Two main theories about the monster are it is a long-necked plesiosaur that somehow survived the period when dinosaurs became extinct, or it is a sturgeon or giant catfish.
Prof Gemmell said he hoped to announce the full findings of the study in Scotland next month - but would not confirm which hypothesis might be right.
He said: "Is there anything deeply mysterious? Hmm. It depends what you believe. Is there anything startling? There are a few things that are a bit surprising.
"What we'll have achieved is what we set out to do, which is document the biodiversity of Loch Ness in June 2018 in some level of detail.
"We've tested each one of the main monster hypotheses and three of them we can probably say aren't right and one of them might be."
It was hoped the study's findings would be published earlier this year, but a series of failed attempts to film a television documentary delayed the process.
Negotiations with a series of production companies ended without a deal.

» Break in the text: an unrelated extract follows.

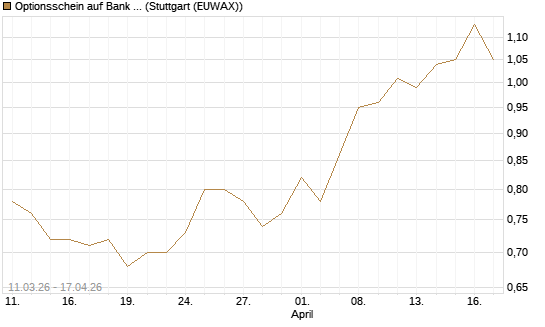 Optionsschein auf Bank of America [Goldman Sachs Bank Europe SE] Chart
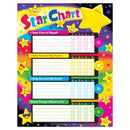 EMOJI STARS SUCCESS CHARTS 25CT-Learning Materials-JadeMoghul Inc.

Hundreds of thousands of visitors flock to Loch Ness every year to try and catch a glimpse of the mythical monster.
Nessie is worth millions of pounds to the Scottish economy - and tourist bosses previously said they are "eagerly anticipating" the results.
Announcing the study last year, Professor Gemmell said: "Scotland is dear to my heart because my mother and her family are Scottish, I’m delighted to be here to undertake our environmental DNA investigation of Loch Ness.
"It’s a place of extraordinary natural beauty.
"We’re delighted with the amount of interest the project has generated in the science and, monster or not, we are going to understand Loch Ness, and the life in it, in a new way."